Obrona Ksantypy
"Jeśli ktoś chce powiedzieć w Atenach - zła kobieta, mówi po prostu Ksantypa" - twierdzi jedna z postaci sztuki Ludwika Hieronima Morstina. Napisana w 1939 roku "Obrona Ksantypy" w obfitym dorobku pisarza zajmuje czołowe miejsce. Wielokrotnie też była wystawiana zarówno w kraju, jak i za granicą.
Tytuł sugeruje intencje autora - jest próba obrony żony filozofa starożytnego. Tej, która wprawdzie wraz z Sokratesem weszła do historii, tyle że w licznych przekazach ateński mędrzec utrwalił się jako wspaniały, kochający ludzi człowiek. Imię Ksantypy stało się natomiast synonimem kobiety - sekutnicy.
Ksantypa Morstina jest zupełnie inna. To kobieta z krwi i kości: młoda, urocza, no, może nieco... gwałtowna i to sprawia, że niekiedy zdarza jej się stłuc komuś garnek na głowie... Ale też nie było łatwe życie żony słynnego, ale ubogiego filozofa, który nie potrafił zapewnić rodzinie utrzymania. Ksantypa nie nosi klejnotów, nie stać ją na wspaniałe stroje i pachnidła. Zresztą wybitny małżonek twierdzi kategorycznie: "wolny człowiek nie powinien pachnąć wonnościami, a tylko potem areny i szlachectwem duszy". Sokrates nie przywoła nawet do porządku leniwego sługi i "zamiast w pysk trzasnąć, gdy coś źle zrobi, wdaje się z nim w dysputę".
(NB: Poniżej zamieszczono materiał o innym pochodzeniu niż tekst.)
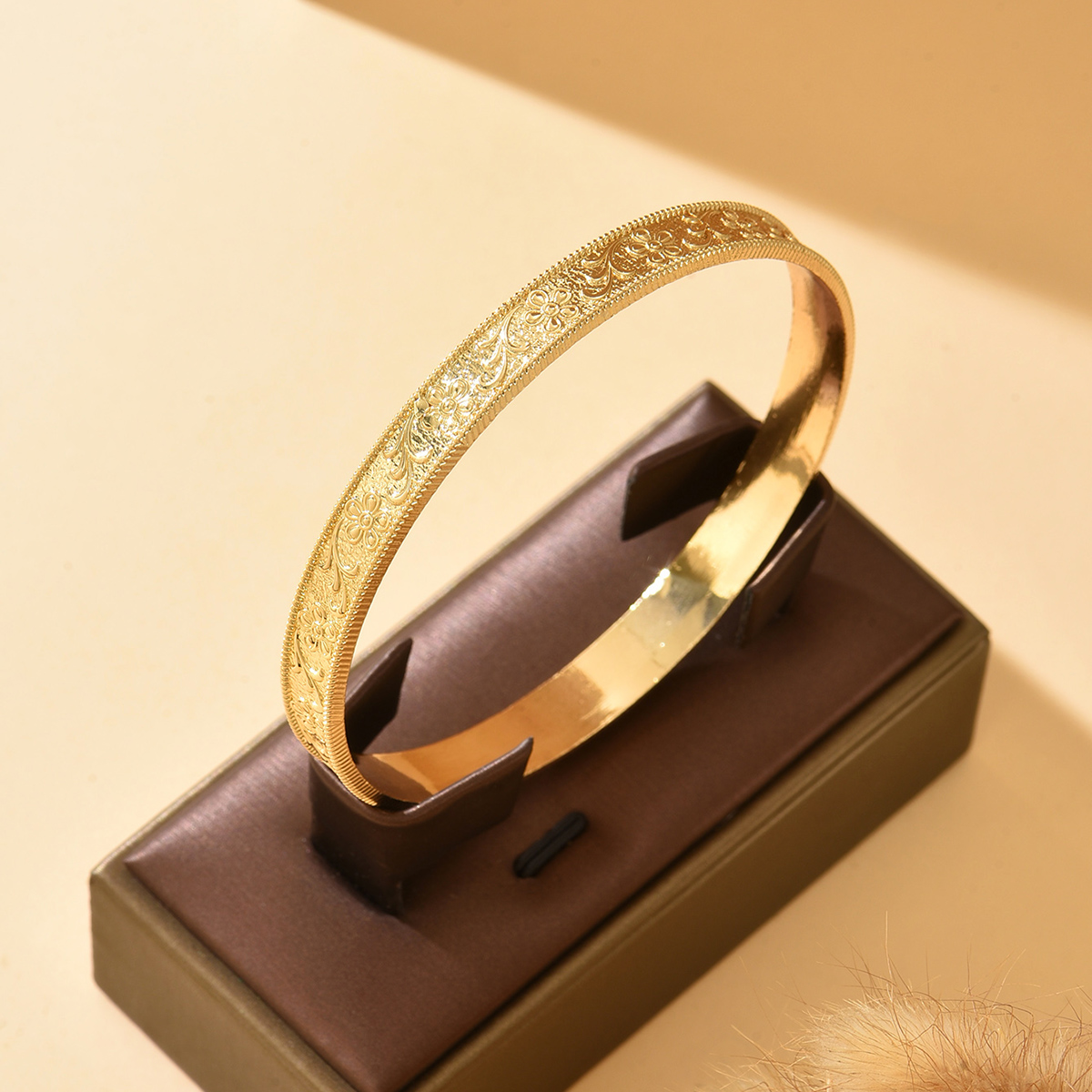 Golden Bride Hand Accessory wi - Men Accessories Wrist ulasan dan harga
Ksantypa pragnie miłości, a jest zaniedbywana przez oderwanego od rzeczywistości męża. Mimo to nie ulegnie pokusie. Pozostanie wiernie przy nim.
Swoją sztukę Morstin ujął wprawdzie w ramy komediowe - jest napisana lekko i dowcipnie - opowiada jednak o dramacie "dwojga ludzi szlachetnych, z których każdy mówi innym językiem".